# [EXERCISE INSTRUCTIONS]
Beginning at the line that contains "Van Leeuwenstraat 128, Voorburg" and finishing at the line that contains "3rd image of 225 N Center St #1", output the data below exactly. Include both end lines and no pictures.

# [INPUT DATA]
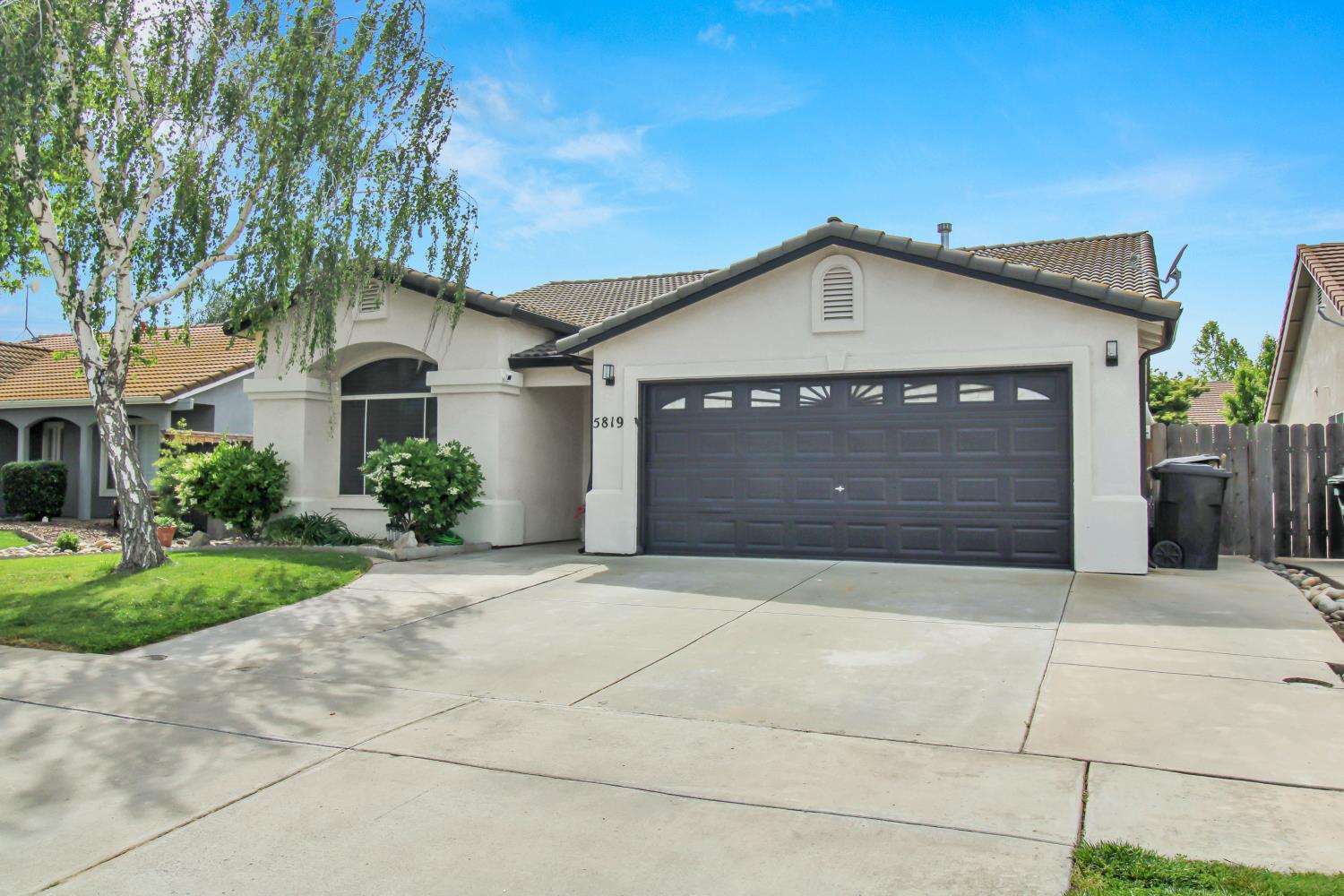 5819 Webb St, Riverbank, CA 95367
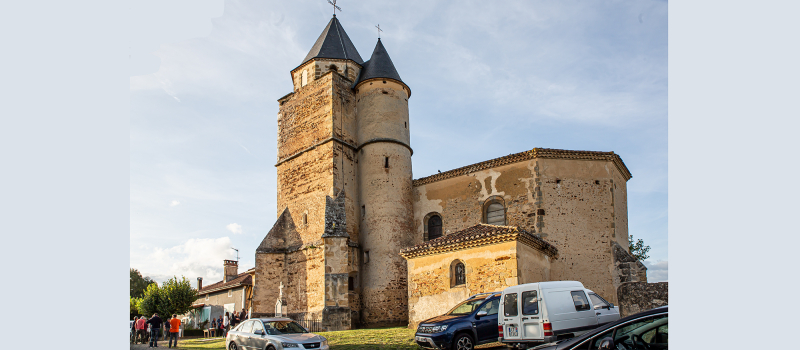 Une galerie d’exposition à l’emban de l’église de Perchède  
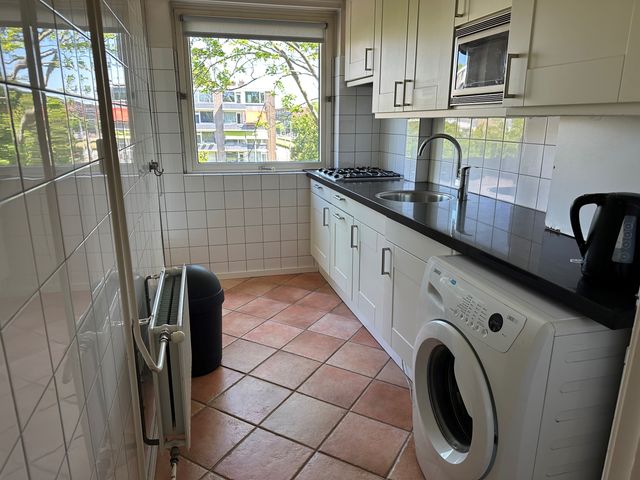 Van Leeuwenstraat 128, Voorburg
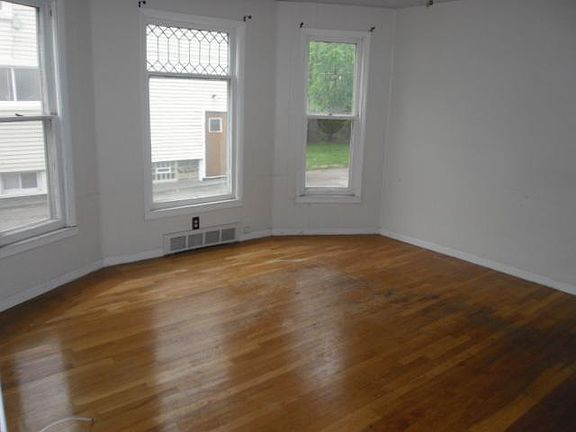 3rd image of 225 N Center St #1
--
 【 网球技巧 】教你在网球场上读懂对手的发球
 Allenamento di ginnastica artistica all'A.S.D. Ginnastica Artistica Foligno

# [OUTPUT OF THE EXERCISE]
 Van Leeuwenstraat 128, Voorburg
 3rd image of 225 N Center St #1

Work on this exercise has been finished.